Abstract

High quality photovoltaic (PV) power prediction intervals (PIs) are essential to power system operation and planning. To improve the reliability and sharpness of PIs, in this paper, a new method is proposed, which involves the model uncertainties and noise uncertainties, and PIs are constructed with a two-step formulation. In the first step, the variance of model uncertainties is obtained by using extreme learning machine to make deterministic forecasts of PV power. In the second stage, innovative PI-based cost function is developed to optimize the parameters of ELM and noise uncertainties are quantization in terms of variance.
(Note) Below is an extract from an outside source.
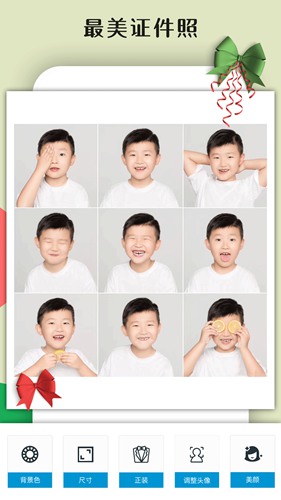 大神P图app破解版下载_大神P图app破解版下载最新版下载_大神P图app破解版下载最新版下载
The performance of the proposed approach is examined by using the PV power and meteorological data measured from 1kW rooftop DC micro-grid system. The validity of the proposed method is verified by comparing the experimental analysis with other benchmarking methods, and the results exhibit a superior performance.

Highlights

  • Photovoltaic (PV) is known as one of the fast-growing sustainable energy systems throughout the world [1,2]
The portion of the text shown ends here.